Brief: Write the data below out again in full, exactly as shown.
==== Information given ====
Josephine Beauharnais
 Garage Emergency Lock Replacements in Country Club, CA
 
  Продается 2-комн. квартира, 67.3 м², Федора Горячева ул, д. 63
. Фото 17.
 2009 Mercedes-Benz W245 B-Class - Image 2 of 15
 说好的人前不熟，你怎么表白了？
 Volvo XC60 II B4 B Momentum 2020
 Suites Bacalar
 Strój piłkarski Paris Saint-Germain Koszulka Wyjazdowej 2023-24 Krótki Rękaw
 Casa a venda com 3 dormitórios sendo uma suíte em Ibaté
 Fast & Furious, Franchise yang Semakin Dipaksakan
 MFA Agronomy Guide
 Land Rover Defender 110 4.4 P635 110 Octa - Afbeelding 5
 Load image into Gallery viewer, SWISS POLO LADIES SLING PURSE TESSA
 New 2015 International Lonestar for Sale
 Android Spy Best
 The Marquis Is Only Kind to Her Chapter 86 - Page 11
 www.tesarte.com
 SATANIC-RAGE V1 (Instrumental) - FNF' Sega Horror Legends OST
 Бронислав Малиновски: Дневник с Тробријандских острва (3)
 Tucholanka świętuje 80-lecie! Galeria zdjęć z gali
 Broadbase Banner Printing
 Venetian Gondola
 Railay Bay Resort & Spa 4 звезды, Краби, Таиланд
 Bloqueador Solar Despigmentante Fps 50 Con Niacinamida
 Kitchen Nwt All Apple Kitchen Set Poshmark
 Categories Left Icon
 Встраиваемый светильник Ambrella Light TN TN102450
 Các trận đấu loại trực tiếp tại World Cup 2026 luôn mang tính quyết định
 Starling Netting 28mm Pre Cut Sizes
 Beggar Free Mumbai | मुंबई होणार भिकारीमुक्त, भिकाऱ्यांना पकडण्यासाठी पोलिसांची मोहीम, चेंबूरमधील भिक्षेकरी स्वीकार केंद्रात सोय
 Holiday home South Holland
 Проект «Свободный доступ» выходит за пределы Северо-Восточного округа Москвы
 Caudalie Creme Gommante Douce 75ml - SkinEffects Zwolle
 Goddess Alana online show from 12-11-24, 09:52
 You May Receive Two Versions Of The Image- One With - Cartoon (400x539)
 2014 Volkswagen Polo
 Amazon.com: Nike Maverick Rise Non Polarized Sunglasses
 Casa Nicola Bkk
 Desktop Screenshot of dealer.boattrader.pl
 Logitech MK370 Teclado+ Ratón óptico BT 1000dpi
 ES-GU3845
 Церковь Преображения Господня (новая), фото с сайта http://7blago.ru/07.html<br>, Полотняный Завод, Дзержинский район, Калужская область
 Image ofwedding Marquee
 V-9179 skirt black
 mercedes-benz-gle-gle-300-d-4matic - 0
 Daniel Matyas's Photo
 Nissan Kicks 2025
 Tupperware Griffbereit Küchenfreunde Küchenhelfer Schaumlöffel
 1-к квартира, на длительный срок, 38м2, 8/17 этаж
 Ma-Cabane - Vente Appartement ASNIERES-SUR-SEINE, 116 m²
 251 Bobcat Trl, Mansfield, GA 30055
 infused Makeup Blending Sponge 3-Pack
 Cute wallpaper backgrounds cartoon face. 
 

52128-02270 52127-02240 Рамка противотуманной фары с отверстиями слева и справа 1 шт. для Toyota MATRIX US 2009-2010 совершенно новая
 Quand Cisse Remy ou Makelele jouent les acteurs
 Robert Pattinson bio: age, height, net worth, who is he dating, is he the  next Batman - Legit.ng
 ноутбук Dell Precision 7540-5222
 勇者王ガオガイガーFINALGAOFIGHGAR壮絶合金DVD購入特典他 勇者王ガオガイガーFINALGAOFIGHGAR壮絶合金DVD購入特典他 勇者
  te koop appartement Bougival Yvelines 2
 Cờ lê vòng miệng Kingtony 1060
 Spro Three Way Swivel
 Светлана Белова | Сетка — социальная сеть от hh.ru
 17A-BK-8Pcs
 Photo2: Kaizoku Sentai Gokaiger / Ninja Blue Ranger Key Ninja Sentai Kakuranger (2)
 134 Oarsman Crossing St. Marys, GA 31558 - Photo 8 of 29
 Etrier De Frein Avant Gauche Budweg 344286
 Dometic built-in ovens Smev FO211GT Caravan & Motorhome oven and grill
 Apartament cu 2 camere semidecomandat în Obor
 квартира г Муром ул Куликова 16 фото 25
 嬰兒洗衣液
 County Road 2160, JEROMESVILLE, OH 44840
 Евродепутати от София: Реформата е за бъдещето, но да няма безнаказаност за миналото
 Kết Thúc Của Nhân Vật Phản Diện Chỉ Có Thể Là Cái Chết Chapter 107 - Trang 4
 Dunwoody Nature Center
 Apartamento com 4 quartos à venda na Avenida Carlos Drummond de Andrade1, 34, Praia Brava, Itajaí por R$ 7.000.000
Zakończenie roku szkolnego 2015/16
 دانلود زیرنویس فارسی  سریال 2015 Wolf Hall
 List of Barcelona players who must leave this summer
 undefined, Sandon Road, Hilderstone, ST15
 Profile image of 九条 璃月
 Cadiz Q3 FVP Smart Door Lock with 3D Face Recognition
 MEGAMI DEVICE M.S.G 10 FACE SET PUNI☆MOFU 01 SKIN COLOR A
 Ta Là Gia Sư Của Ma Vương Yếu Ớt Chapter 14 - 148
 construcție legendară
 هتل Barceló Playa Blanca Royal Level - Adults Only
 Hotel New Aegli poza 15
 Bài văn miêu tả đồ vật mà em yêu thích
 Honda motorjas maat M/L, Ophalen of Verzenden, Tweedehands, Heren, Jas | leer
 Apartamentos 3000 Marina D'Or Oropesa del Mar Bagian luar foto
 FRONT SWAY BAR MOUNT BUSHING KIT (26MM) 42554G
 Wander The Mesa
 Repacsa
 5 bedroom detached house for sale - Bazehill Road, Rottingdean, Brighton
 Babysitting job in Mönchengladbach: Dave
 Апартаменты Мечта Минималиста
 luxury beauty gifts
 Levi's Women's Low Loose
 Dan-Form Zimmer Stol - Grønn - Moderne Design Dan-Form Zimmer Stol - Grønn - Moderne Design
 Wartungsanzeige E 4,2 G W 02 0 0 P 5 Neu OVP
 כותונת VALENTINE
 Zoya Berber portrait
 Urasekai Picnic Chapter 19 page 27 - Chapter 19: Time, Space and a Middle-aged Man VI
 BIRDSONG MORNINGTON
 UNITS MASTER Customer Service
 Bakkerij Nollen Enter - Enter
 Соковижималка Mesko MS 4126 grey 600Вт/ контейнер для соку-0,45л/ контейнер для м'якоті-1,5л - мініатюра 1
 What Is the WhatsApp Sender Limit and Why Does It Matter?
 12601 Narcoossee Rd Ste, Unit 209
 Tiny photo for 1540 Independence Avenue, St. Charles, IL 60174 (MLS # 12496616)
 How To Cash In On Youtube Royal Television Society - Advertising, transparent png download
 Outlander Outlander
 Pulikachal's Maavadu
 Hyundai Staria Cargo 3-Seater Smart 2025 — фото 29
====
Answer space:
Josephine Beauharnais
 Garage Emergency Lock Replacements in Country Club, CA
 
  Продается 2-комн. квартира, 67.3 м², Федора Горячева ул, д. 63
. Фото 17.
 2009 Mercedes-Benz W245 B-Class - Image 2 of 15
 说好的人前不熟，你怎么表白了？
 Volvo XC60 II B4 B Momentum 2020
 Suites Bacalar
 Strój piłkarski Paris Saint-Germain Koszulka Wyjazdowej 2023-24 Krótki Rękaw
 Casa a venda com 3 dormitórios sendo uma suíte em Ibaté
 Fast & Furious, Franchise yang Semakin Dipaksakan
 MFA Agronomy Guide
 Land Rover Defender 110 4.4 P635 110 Octa - Afbeelding 5
 Load image into Gallery viewer, SWISS POLO LADIES SLING PURSE TESSA
 New 2015 International Lonestar for Sale
 Android Spy Best
 The Marquis Is Only Kind to Her Chapter 86 - Page 11
 www.tesarte.com
 SATANIC-RAGE V1 (Instrumental) - FNF' Sega Horror Legends OST
 Бронислав Малиновски: Дневник с Тробријандских острва (3)
 Tucholanka świętuje 80-lecie! Galeria zdjęć z gali
 Broadbase Banner Printing
 Venetian Gondola
 Railay Bay Resort & Spa 4 звезды, Краби, Таиланд
 Bloqueador Solar Despigmentante Fps 50 Con Niacinamida
 Kitchen Nwt All Apple Kitchen Set Poshmark
 Categories Left Icon
 Встраиваемый светильник Ambrella Light TN TN102450
 Các trận đấu loại trực tiếp tại World Cup 2026 luôn mang tính quyết định
 Starling Netting 28mm Pre Cut Sizes
 Beggar Free Mumbai | मुंबई होणार भिकारीमुक्त, भिकाऱ्यांना पकडण्यासाठी पोलिसांची मोहीम, चेंबूरमधील भिक्षेकरी स्वीकार केंद्रात सोय
 Holiday home South Holland
 Проект «Свободный доступ» выходит за пределы Северо-Восточного округа Москвы
 Caudalie Creme Gommante Douce 75ml - SkinEffects Zwolle
 Goddess Alana online show from 12-11-24, 09:52
 You May Receive Two Versions Of The Image- One With - Cartoon (400x539)
 2014 Volkswagen Polo
 Amazon.com: Nike Maverick Rise Non Polarized Sunglasses
 Casa Nicola Bkk
 Desktop Screenshot of dealer.boattrader.pl
 Logitech MK370 Teclado+ Ratón óptico BT 1000dpi
 ES-GU3845
 Церковь Преображения Господня (новая), фото с сайта http://7blago.ru/07.html<br>, Полотняный Завод, Дзержинский район, Калужская область
 Image ofwedding Marquee
 V-9179 skirt black
 mercedes-benz-gle-gle-300-d-4matic - 0
 Daniel Matyas's Photo
 Nissan Kicks 2025
 Tupperware Griffbereit Küchenfreunde Küchenhelfer Schaumlöffel
 1-к квартира, на длительный срок, 38м2, 8/17 этаж
 Ma-Cabane - Vente Appartement ASNIERES-SUR-SEINE, 116 m²
 251 Bobcat Trl, Mansfield, GA 30055
 infused Makeup Blending Sponge 3-Pack
 Cute wallpaper backgrounds cartoon face. 
 

52128-02270 52127-02240 Рамка противотуманной фары с отверстиями слева и справа 1 шт. для Toyota MATRIX US 2009-2010 совершенно новая
 Quand Cisse Remy ou Makelele jouent les acteurs
 Robert Pattinson bio: age, height, net worth, who is he dating, is he the  next Batman - Legit.ng
 ноутбук Dell Precision 7540-5222
 勇者王ガオガイガーFINALGAOFIGHGAR壮絶合金DVD購入特典他 勇者王ガオガイガーFINALGAOFIGHGAR壮絶合金DVD購入特典他 勇者
  te koop appartement Bougival Yvelines 2
 Cờ lê vòng miệng Kingtony 1060
 Spro Three Way Swivel
 Светлана Белова | Сетка — социальная сеть от hh.ru
 17A-BK-8Pcs
 Photo2: Kaizoku Sentai Gokaiger / Ninja Blue Ranger Key Ninja Sentai Kakuranger (2)
 134 Oarsman Crossing St. Marys, GA 31558 - Photo 8 of 29
 Etrier De Frein Avant Gauche Budweg 344286
 Dometic built-in ovens Smev FO211GT Caravan & Motorhome oven and grill
 Apartament cu 2 camere semidecomandat în Obor
 квартира г Муром ул Куликова 16 фото 25
 嬰兒洗衣液
 County Road 2160, JEROMESVILLE, OH 44840
 Евродепутати от София: Реформата е за бъдещето, но да няма безнаказаност за миналото
 Kết Thúc Của Nhân Vật Phản Diện Chỉ Có Thể Là Cái Chết Chapter 107 - Trang 4
 Dunwoody Nature Center
 Apartamento com 4 quartos à venda na Avenida Carlos Drummond de Andrade1, 34, Praia Brava, Itajaí por R$ 7.000.000
Zakończenie roku szkolnego 2015/16
 دانلود زیرنویس فارسی  سریال 2015 Wolf Hall
 List of Barcelona players who must leave this summer
 undefined, Sandon Road, Hilderstone, ST15
 Profile image of 九条 璃月
 Cadiz Q3 FVP Smart Door Lock with 3D Face Recognition
 MEGAMI DEVICE M.S.G 10 FACE SET PUNI☆MOFU 01 SKIN COLOR A
 Ta Là Gia Sư Của Ma Vương Yếu Ớt Chapter 14 - 148
 construcție legendară
 هتل Barceló Playa Blanca Royal Level - Adults Only
 Hotel New Aegli poza 15
 Bài văn miêu tả đồ vật mà em yêu thích
 Honda motorjas maat M/L, Ophalen of Verzenden, Tweedehands, Heren, Jas | leer
 Apartamentos 3000 Marina D'Or Oropesa del Mar Bagian luar foto
 FRONT SWAY BAR MOUNT BUSHING KIT (26MM) 42554G
 Wander The Mesa
 Repacsa
 5 bedroom detached house for sale - Bazehill Road, Rottingdean, Brighton
 Babysitting job in Mönchengladbach: Dave
 Апартаменты Мечта Минималиста
 luxury beauty gifts
 Levi's Women's Low Loose
 Dan-Form Zimmer Stol - Grønn - Moderne Design Dan-Form Zimmer Stol - Grønn - Moderne Design
 Wartungsanzeige E 4,2 G W 02 0 0 P 5 Neu OVP
 כותונת VALENTINE
 Zoya Berber portrait
 Urasekai Picnic Chapter 19 page 27 - Chapter 19: Time, Space and a Middle-aged Man VI
 BIRDSONG MORNINGTON
 UNITS MASTER Customer Service
 Bakkerij Nollen Enter - Enter
 Соковижималка Mesko MS 4126 grey 600Вт/ контейнер для соку-0,45л/ контейнер для м'якоті-1,5л - мініатюра 1
 What Is the WhatsApp Sender Limit and Why Does It Matter?
 12601 Narcoossee Rd Ste, Unit 209
 Tiny photo for 1540 Independence Avenue, St. Charles, IL 60174 (MLS # 12496616)
 How To Cash In On Youtube Royal Television Society - Advertising, transparent png download
 Outlander Outlander
 Pulikachal's Maavadu
 Hyundai Staria Cargo 3-Seater Smart 2025 — фото 29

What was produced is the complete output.